→ **Material supplied**:

↓

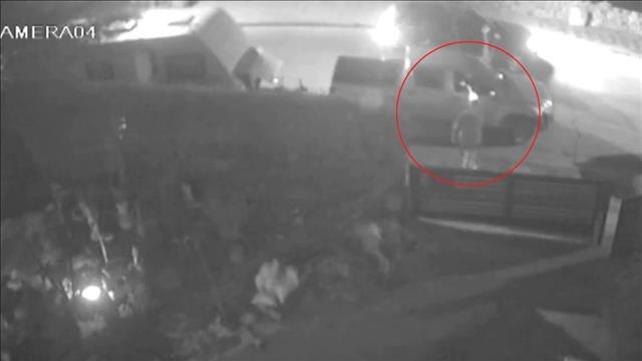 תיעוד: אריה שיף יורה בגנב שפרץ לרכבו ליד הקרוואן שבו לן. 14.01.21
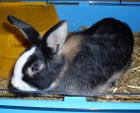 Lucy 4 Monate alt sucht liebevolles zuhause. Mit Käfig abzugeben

↑
↓

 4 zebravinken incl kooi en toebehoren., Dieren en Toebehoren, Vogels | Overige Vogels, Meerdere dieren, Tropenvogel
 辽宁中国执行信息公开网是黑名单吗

↑

→ **Work task**:
When you reach the line holding "4 zebravinken incl" in the records above, begin reproducing exactly, stop after the line holding "辽宁中国执行信息公开网是黑名单吗", and output nothing else.

→ **Written answer**:
 4 zebravinken incl kooi en toebehoren., Dieren en Toebehoren, Vogels | Overige Vogels, Meerdere dieren, Tropenvogel
 辽宁中国执行信息公开网是黑名单吗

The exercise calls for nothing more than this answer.